REQUIREMENT
The reply should contain only the lines from the start of the records through the line with "A Hunter Lives", reproduced verbatim and without pictures.
-- INFORMATION follows --
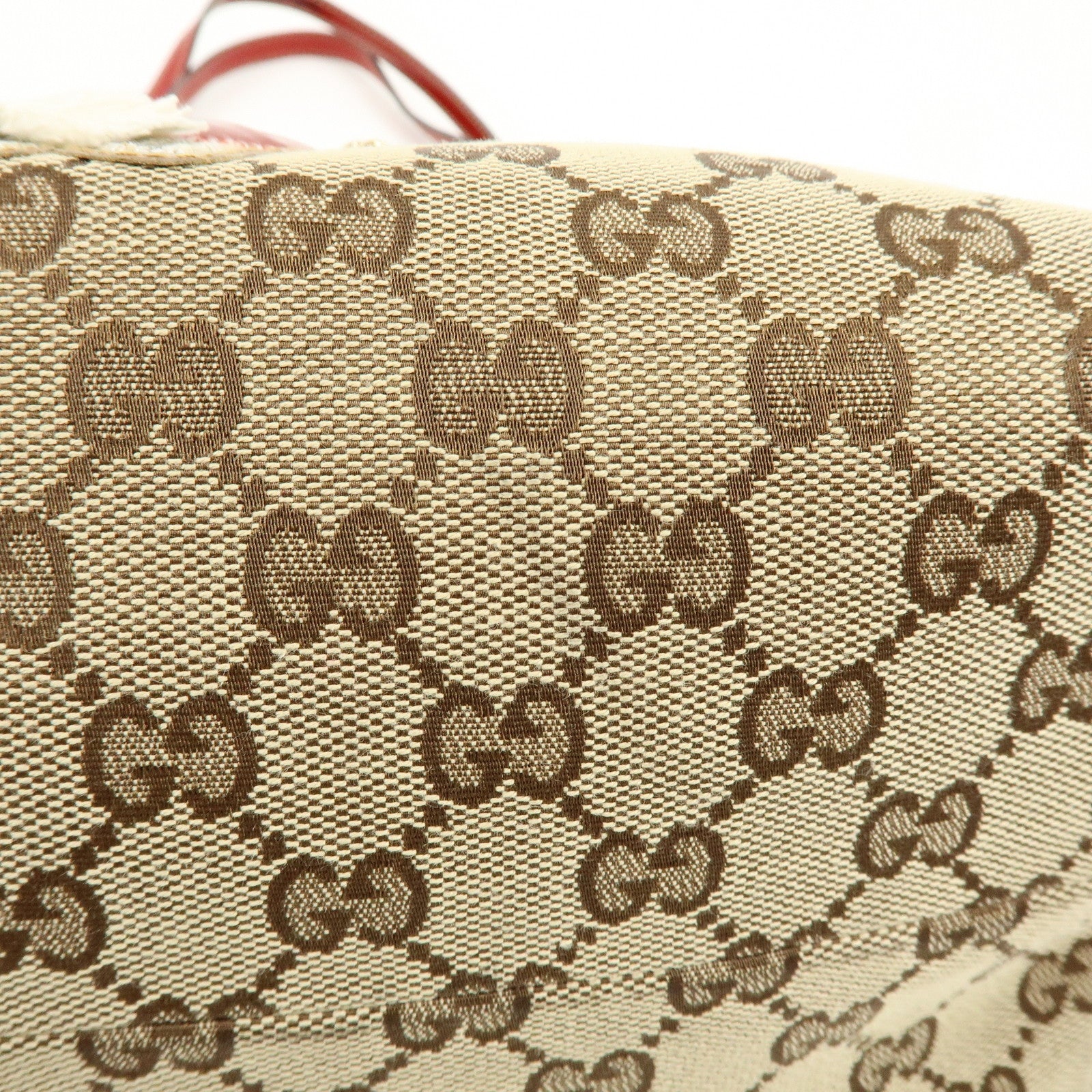 GUCCI Gucciori GG Canvas Leather PVC Shoulder Bag Beige Red 212376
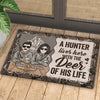 A Hunter Lives With The Deer Of His Life - Gift For Hunting Couples, Personalized Decorative Mat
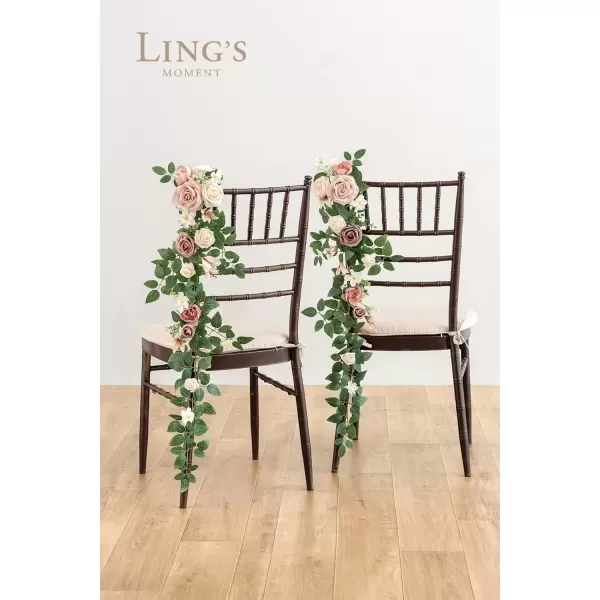 imageLings Moment Fall 10pcs Wedding Chair Decorations Aisle Floral Swag Artificial Pew Flowers Hanging Garland White ampamp Beige For Ceremony Reception Church Rose Floral Faux Arrangement Party Outdoor DecorDusty Rose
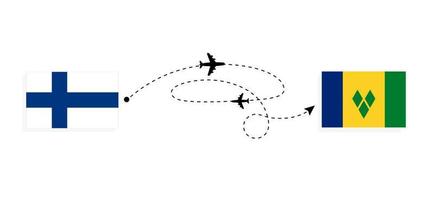 vuelo y viaje desde finlandia a san vicente y las granadinas por concepto de viaje en avión de pasajeros vector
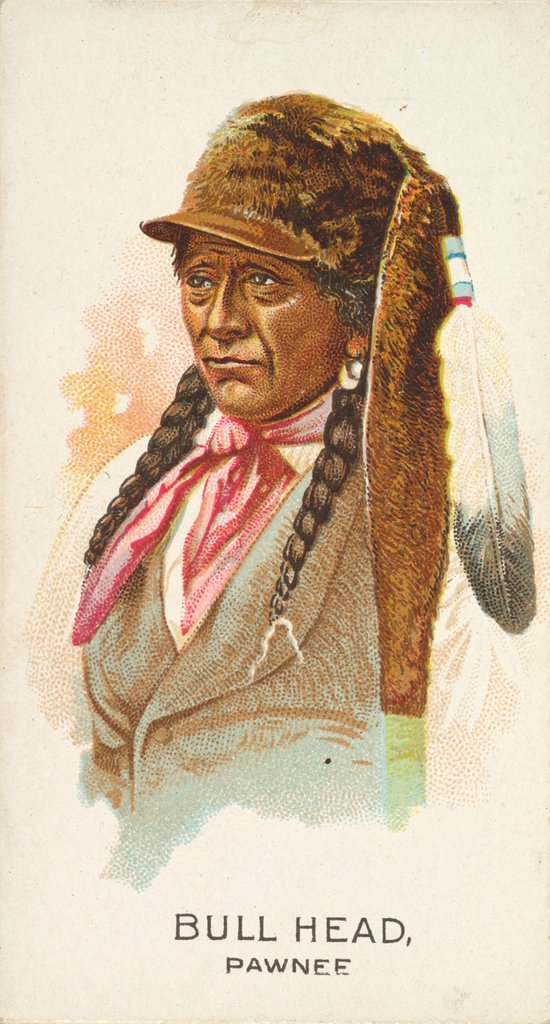 Detail of Bull Head, Pawnee, from the American Indian Chiefs series for Allen & Ginter Cigarett…, 1888 by Allen & Ginter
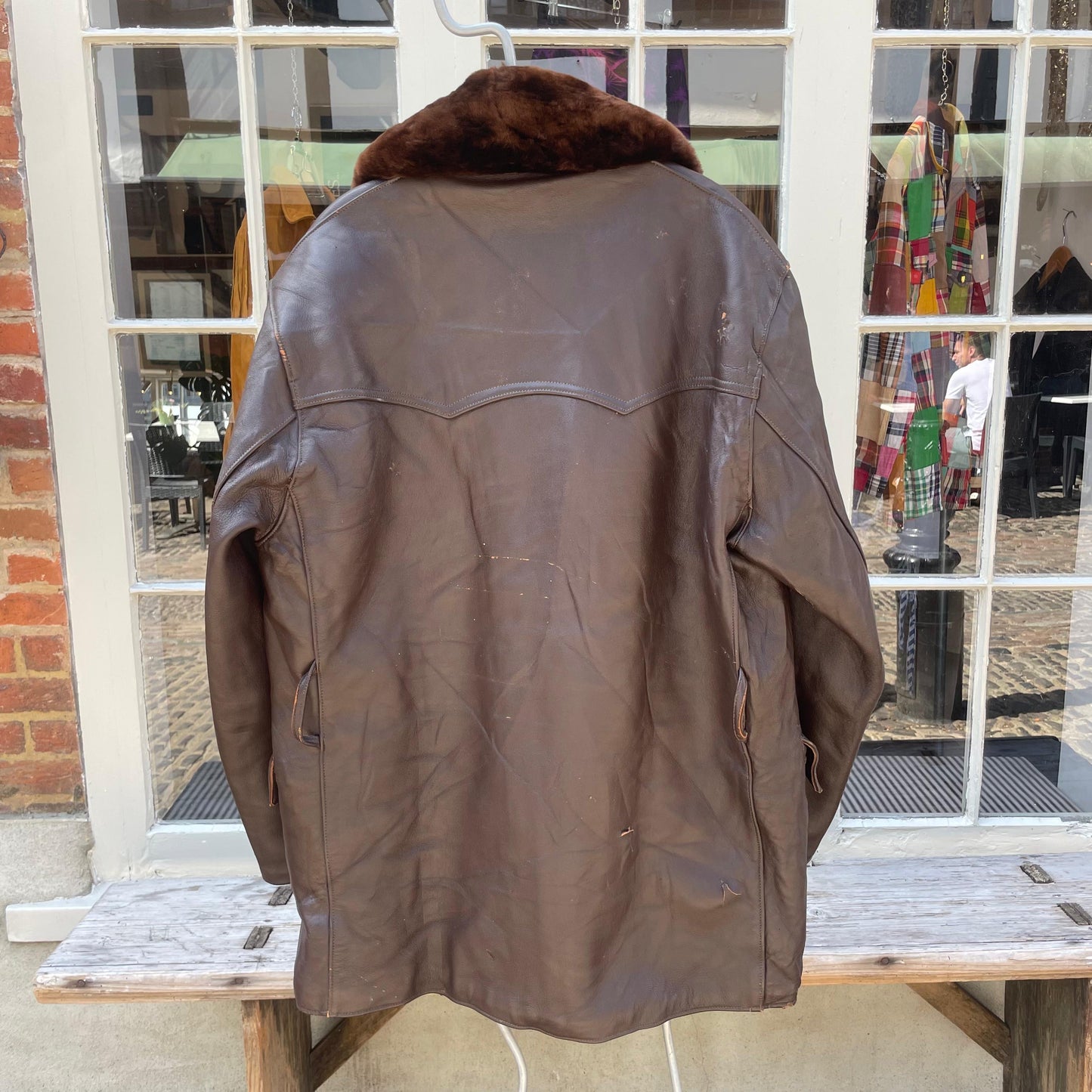 1950s Brown Leather French Barn Jacket Coat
-- INFORMATION concluded --
SOLUTION FOR THIS TASK
 GUCCI Gucciori GG Canvas Leather PVC Shoulder Bag Beige Red 212376
 A Hunter Lives With The Deer Of His Life - Gift For Hunting Couples, Personalized Decorative Mat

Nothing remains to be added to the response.